On y expose des machines issues d’une époque où les constructeurs suisses croyaient encore que le monde attendait leur vision du coupé sportif. Dès 1945 naissent des carrosseries qui n’ont jamais fait trembler ni Detroit ni Maranello, mais qui possèdent assez de caractère pour passer aujourd’hui pour de nobles curiosités. Un Monteverdi High Speed 375 S jaune vif rivalise avec la pelouse, tandis qu’à ses côtés trône le Hai 450 SS – si rare qu’il flirte avec le mythe, ce qui signifie en clair : presque personne ne l’a jamais croisé sur route. Les modèles Enzmann complètent la scène, fins et artisanaux, semblables au mécanisme horloger d’une marque qui n’a jamais franchi le cap de la production de masse.
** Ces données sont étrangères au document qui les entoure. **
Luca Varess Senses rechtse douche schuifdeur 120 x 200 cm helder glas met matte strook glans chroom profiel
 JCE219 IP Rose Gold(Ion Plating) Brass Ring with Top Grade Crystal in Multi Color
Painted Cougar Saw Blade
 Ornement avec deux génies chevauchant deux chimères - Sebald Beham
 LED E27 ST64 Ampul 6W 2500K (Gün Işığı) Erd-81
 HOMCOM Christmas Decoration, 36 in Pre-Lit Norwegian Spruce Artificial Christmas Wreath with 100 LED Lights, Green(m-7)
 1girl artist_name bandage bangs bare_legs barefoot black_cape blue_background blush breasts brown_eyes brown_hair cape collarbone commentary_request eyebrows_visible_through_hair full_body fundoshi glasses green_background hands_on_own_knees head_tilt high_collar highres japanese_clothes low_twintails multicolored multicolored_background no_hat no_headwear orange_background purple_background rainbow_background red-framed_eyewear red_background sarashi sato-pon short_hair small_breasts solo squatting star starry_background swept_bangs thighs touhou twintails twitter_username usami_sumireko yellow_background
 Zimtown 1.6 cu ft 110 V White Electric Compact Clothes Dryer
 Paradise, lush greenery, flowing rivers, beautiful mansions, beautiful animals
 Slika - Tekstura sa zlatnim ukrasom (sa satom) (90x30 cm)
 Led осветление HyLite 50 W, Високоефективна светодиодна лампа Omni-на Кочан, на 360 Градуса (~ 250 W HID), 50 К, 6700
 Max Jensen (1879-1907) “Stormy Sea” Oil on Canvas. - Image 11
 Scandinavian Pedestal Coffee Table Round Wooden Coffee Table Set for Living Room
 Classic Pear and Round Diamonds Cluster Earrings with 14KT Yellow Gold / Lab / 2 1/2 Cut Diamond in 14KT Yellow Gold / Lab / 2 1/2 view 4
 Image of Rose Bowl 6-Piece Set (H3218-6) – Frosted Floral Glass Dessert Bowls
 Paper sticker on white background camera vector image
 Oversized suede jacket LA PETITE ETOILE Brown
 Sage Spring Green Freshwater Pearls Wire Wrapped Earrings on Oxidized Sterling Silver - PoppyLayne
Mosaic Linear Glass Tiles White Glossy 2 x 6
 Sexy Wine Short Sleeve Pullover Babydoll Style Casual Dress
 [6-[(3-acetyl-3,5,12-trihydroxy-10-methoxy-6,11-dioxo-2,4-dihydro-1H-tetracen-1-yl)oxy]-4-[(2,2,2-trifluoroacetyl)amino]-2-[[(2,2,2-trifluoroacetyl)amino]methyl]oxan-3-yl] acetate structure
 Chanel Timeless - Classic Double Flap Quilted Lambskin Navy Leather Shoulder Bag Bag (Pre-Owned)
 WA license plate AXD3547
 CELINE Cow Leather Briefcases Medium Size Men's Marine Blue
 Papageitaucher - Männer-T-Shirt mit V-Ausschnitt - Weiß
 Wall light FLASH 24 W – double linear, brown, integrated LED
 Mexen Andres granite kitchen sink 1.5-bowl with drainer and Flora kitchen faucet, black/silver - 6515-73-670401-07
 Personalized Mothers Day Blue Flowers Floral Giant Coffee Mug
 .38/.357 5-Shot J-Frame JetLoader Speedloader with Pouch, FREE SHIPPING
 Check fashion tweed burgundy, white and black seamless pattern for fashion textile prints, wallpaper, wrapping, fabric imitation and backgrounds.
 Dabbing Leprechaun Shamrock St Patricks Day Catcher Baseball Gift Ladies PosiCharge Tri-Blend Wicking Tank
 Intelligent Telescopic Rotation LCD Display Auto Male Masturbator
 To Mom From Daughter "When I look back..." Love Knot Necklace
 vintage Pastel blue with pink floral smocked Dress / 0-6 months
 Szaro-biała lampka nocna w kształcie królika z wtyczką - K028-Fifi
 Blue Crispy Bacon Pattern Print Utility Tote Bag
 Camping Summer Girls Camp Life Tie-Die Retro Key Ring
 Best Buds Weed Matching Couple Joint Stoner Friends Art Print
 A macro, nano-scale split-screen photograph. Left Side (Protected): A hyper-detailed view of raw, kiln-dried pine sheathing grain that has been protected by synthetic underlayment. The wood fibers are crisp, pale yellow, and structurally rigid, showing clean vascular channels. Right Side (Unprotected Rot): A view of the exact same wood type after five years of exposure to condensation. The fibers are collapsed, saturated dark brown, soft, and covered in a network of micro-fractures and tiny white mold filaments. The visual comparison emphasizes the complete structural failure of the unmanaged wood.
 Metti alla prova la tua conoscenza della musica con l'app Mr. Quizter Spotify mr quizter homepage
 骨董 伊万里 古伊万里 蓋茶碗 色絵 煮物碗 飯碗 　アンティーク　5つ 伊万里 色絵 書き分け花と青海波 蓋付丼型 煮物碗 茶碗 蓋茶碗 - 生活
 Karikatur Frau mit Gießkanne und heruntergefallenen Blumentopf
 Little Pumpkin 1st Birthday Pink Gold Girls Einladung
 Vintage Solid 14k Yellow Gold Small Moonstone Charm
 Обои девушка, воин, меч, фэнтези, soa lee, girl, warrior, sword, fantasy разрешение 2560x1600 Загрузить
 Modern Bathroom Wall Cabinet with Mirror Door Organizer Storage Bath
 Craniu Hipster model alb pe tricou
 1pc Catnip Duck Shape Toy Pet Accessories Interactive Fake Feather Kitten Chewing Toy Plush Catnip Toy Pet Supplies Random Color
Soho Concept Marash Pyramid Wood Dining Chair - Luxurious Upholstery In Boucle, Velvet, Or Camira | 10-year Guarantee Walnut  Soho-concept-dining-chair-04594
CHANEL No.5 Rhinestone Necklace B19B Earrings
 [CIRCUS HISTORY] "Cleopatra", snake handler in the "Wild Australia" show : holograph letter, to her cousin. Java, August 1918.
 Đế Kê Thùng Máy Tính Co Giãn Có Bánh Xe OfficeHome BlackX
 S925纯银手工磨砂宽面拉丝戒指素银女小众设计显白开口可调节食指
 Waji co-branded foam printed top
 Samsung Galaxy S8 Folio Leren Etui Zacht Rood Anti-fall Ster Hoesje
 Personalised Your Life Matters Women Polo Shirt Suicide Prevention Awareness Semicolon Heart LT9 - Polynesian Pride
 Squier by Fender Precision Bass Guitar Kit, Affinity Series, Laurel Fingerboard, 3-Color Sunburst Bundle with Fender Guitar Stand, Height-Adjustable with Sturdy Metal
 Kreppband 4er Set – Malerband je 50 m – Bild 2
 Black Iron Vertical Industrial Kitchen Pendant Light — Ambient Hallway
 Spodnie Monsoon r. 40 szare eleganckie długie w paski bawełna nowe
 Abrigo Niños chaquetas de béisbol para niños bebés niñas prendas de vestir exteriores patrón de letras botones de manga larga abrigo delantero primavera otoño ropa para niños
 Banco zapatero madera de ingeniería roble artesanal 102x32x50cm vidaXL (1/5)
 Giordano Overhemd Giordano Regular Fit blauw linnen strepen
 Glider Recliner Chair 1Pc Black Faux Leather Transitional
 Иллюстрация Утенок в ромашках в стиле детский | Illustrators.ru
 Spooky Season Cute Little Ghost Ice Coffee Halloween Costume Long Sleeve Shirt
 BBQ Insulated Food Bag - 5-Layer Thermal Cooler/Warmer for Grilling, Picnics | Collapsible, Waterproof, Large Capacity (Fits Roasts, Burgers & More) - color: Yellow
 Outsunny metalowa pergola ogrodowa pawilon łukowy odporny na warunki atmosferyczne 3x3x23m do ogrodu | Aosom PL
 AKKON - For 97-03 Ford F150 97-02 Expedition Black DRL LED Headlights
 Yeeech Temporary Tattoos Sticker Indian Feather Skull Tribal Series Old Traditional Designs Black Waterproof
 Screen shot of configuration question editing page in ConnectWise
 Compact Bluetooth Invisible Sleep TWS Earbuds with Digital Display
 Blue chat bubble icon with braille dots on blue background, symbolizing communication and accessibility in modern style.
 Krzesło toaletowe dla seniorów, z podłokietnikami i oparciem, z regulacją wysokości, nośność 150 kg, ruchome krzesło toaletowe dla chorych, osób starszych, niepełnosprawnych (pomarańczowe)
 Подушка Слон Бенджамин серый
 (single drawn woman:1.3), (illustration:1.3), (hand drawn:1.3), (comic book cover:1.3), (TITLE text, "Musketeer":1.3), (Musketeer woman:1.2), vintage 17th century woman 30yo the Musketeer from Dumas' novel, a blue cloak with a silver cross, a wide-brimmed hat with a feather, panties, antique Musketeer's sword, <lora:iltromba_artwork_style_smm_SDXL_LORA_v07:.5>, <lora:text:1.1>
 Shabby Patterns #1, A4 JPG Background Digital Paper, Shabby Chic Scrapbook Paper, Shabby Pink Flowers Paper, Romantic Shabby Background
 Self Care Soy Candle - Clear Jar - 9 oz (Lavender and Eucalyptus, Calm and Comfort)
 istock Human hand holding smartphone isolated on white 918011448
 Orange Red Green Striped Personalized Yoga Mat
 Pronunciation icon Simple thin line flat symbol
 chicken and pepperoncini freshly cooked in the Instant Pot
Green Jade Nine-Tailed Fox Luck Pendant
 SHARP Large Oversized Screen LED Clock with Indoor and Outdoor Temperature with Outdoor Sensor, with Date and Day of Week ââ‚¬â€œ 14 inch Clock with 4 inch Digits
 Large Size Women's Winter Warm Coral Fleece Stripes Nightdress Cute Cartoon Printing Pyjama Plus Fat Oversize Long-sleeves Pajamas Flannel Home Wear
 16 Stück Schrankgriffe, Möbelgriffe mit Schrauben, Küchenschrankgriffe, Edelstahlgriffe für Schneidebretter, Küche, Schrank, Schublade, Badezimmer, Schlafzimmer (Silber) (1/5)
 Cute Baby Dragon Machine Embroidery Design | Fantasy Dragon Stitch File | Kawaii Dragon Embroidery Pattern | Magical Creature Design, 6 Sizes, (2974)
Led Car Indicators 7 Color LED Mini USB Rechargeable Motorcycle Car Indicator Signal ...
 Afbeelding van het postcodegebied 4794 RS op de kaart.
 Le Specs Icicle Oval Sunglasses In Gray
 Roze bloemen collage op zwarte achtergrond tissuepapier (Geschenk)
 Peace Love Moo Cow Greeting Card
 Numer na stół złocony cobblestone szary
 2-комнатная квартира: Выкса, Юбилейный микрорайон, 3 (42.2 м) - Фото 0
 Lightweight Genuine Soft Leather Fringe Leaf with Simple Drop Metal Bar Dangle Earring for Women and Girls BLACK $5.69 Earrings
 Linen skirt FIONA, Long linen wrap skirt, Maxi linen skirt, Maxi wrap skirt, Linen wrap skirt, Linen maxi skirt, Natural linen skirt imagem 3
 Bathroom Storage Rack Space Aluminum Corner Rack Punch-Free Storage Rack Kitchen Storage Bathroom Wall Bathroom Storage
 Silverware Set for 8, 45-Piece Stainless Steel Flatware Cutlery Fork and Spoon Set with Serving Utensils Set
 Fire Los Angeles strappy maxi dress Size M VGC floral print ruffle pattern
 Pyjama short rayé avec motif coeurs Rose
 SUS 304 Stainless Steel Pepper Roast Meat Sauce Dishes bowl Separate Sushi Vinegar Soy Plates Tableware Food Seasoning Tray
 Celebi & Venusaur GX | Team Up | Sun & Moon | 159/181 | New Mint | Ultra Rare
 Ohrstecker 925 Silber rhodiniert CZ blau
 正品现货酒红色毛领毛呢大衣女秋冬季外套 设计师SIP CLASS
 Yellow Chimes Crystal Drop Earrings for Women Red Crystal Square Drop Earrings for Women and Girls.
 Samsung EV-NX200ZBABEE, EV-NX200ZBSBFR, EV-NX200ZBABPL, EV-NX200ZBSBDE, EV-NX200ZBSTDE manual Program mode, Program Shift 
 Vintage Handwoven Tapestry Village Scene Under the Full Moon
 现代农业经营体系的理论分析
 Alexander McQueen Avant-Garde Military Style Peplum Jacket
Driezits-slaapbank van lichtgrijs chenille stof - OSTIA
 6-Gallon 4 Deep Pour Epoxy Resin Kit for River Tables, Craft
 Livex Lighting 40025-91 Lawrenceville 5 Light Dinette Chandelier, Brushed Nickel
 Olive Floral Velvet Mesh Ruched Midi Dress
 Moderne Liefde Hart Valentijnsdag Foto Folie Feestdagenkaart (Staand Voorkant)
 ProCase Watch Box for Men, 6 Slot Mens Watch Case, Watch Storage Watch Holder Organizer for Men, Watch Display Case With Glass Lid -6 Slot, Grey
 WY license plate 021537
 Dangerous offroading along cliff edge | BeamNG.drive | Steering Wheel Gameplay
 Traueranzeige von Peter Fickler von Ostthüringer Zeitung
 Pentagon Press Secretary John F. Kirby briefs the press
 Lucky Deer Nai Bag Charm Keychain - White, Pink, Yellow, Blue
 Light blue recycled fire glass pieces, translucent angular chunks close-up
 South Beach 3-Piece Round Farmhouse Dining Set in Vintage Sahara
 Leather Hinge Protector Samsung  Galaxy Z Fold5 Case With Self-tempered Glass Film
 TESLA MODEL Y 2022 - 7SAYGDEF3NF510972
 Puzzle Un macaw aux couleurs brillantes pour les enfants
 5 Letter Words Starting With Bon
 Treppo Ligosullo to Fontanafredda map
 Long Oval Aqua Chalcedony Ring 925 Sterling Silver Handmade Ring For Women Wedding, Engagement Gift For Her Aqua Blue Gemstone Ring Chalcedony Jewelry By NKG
Au centre du souvenir : Peter Monteverdi. L’homme qui, dans les années 1960, esquissait depuis un atelier bâlois des automobiles comme s’il pouvait défier Ferrari ou Aston Martin. Sa série *High Speed* et le Hai 450 SS ont survécu – icônes, diront certains, notes de bas de page exotiques de l’histoire automobile, corrigeront d’autres. Monteverdi incarne la preuve qu’en Suisse aussi les rêves automobiles peuvent échouer – mais toujours avec style.
L’exposition est ouverte du 13 septembre au 5 octobre 2025, gratuite, publique, mise en scène comme un théâtre en plein air de ce qu’il reste de l’industrie automobile suisse : quelques tentatives audacieuses, beaucoup d’enthousiasme et des voitures devenues davantage monuments que moyens de transport. L’inauguration, le 12 septembre, se déroule comme il se doit dans un hôtel de luxe : invitations, inscriptions, cérémonial millimétré. Ceux qui y participent verront non seulement des carrosseries rutilantes, mais aussi une contradiction saisissante : ici l’univers chorégraphié du bien-être, là le rêve inoxydable d’une industrie qui n’a jamais vraiment pris la route.
Au final, la pointe est limpide : entre eaux thermales et cuisine étoilée s’alignent des voitures qui n’ont jamais été produites en série. Un joli contraste – ou un rappel discret que certaines histoires s’achèvent dans l’éclat, sans avoir jamais conquis l’asphalte.